The Uneven Weight of Pain

“You don’t owe the world your silence just because it’s more convenient than your truth.”

Sometimes, our reactions are worse than the offenses that caused them. But do they justify the scream?

Picture this: a quiet neighborhood at night. A child crossing the street. A drunk driver swerves onto the sidewalk. Tragedy.

The wreckage is cleaned. The sirens fade. The child is gone. The driver is arrested. The neighborhood returns to its haunted silence — except for one household, now drenched in grief that will never wash off.

Would we allow the grieving parents to go door to door, taking lives as repayment for their own loss?

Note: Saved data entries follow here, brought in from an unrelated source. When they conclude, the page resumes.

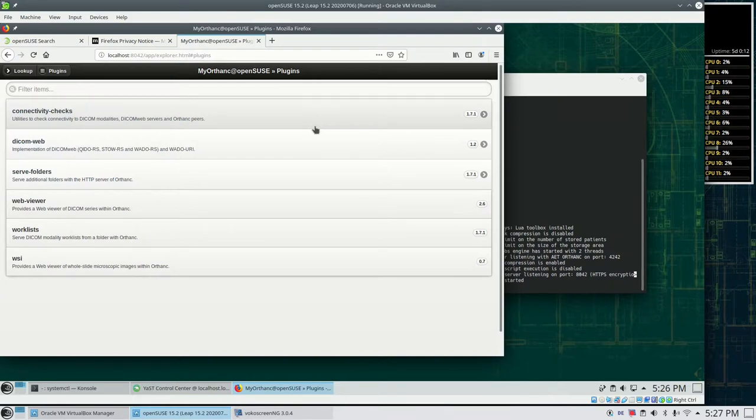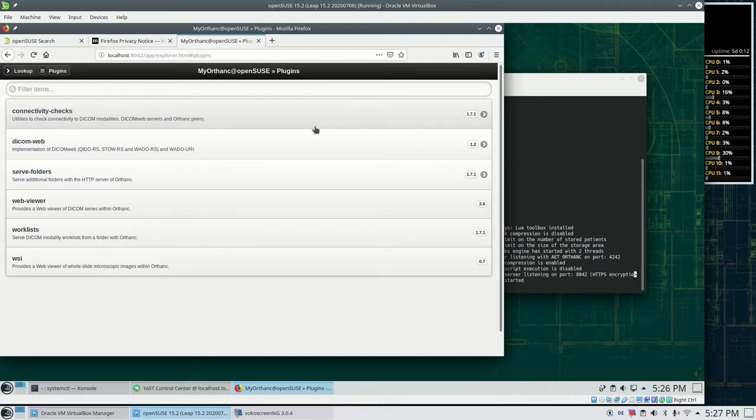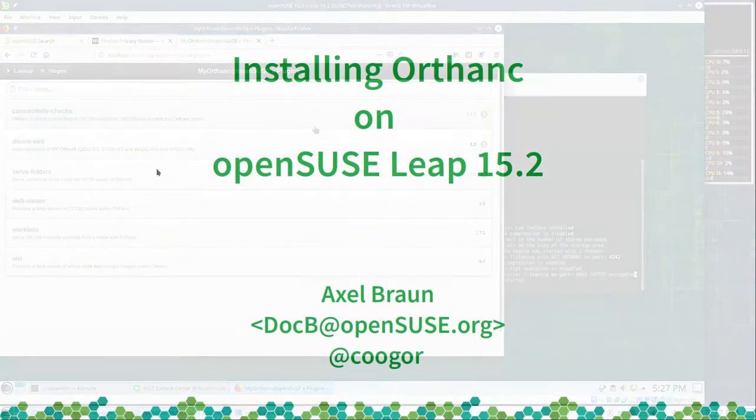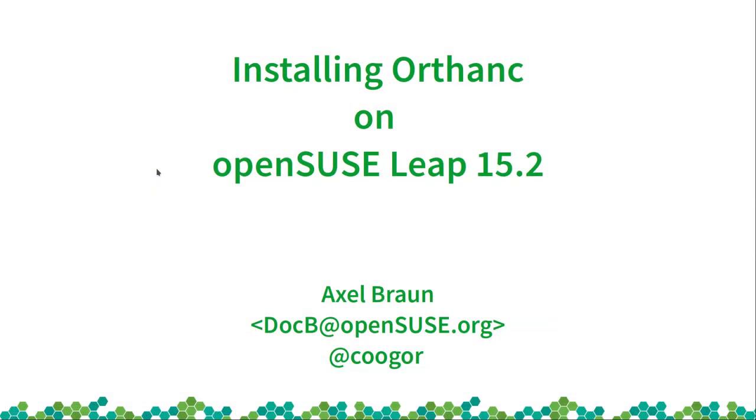So that was it already. I hope you had fun and see you back in the next screencast where we want to integrate Orthanc with GNU Health. Have a good day. Bye bye.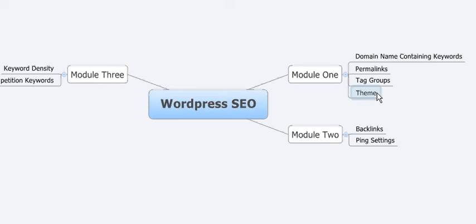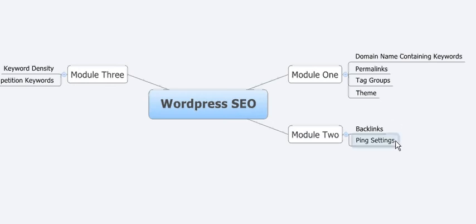Module two is about how to find places that will give you backlinks and how to set up your pinging structure with your blog, which is telling the search engines and the blog directories that you exist. So what are the settings you need for that?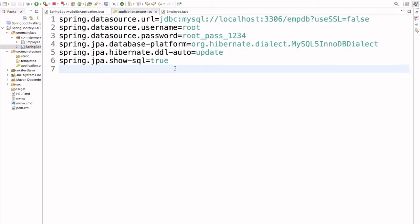These are the steps to connect a Spring Boot application to the database. I hope this is clear to everyone. That's it for today's video. If you find this video useful, please share it with your friends and don't forget to subscribe to the channel for more videos. Thank you.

No. Of course not. That would be madness.

And yet — in this world, some people’s pain is allowed to grow into madness. Even into violence. Even into laws and legacies. Others? They are told to bear it in silence. To be graceful. To heal quietly. To let it go. Their anger is dangerous. Their sorrow? Inconvenient.

I used to believe the stories. The media made it easy.

One side always had a reason. The other side always had a rap sheet.

But who decides which is which?

Not us. Not the people. Not truth.
A small, powerful few write the script — and most of us read our lines without question.

They decide whose pain makes headlines and whose never makes it past the obituary.
They decide who gets context and compassion — and who gets criminalized.

And the most brutal part? They convince us it’s justice.

But we are all made of the same breath, the same bones, the same blood.
No one’s pain is more poetic than another’s.
No one bleeds more beautifully.

It’s time to stop being extras in someone else’s story and start telling our own.